La disputa por el codiciado mercado de televisión por cable entre el Grupo Clarín y la Asocación Argentina de TV por Cable, y las telefónicas, es uno de los temas de fondo que se libran en la discusión del proyecto de ley de medios audiovisuales. Notas de Rodolfo Barros en Perfil. En el mismo diario se publica una entrevista de Sabrina Díaz Rato al funcionario de la U. Europea Fabio Colsanti, que defiende el papel de las señales extranjeras.

Quien construirá las redes del futuro

Se recalentó la pelea entre los cables y las telefónicas por la Ley de Medios

Las empresas de televisión paga aseguran que si las de telecomunicaciones entran al negocio, se destruirá a 700 pymes que brindan el servicio en el interior del país y que no tienen el tamaño para competir con los gigantes. Desde las telefónicas se afirma que lo que está en juego son las inversiones para crear una red diez veces más veloz, que no pueden hacer las pequeñas empresas. Especialistas ratifican que su ingreso es inexorable. Pero que el Estado debe determinar cómo se hace para reducir los daños y crear competencia entre las redes de cable y de telecomunicaciones.

Por Rodolfo Barros

El ingreso de las telefónicas al mercado de radiodifusión se convirtió en el principal caballo de la batalla de parte de la oposición para rechazar el proyecto oficial de Ley de Servicios de Comunicación Audiovisual. Su entrada en el negocio amenaza la sobrevivencia de 700 pymes de televisión por cable. Pero algunos especialistas aseguran que además de inexorable, el desembarco de las empresas de telecomunicaciones provocará el ambiente competitivo necesario para que se desarrollen redes de nueva generación que multiplican por diez o más la velocidad de acceso a Internet y otros contenidos.
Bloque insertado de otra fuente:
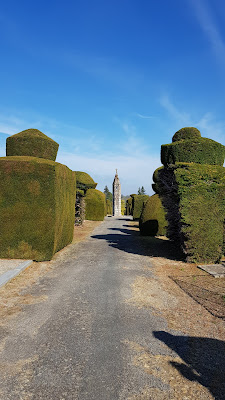 De Fursac à La Souterraine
El socialismo y la Coalición Cívica insistieron ayer en rechazar el proyecto oficial y proponer que se limite el ingreso de las telefónicas. El diputado y economista de la CTA, Claudio Lozano, organiza para el martes una marcha “en contra de las telefónicas y a favor de la nueva ley”.

Sus argumentos los expresa la industria del cable. Walter Burzaco, presidente de la Asociación Argentina de Televisión por Cable (ATVC) y gerente de Cablevisión (Grupo Clarín), aseguró que como las telefónicas cuentan con una red desarrollada por la ex ENTEL, que llega a 8 millones de usuarios y a un nivel de facturación varias veces más grande que los de las principales empresas de cable, “es claro que se desmantelará a las pymes del sector”.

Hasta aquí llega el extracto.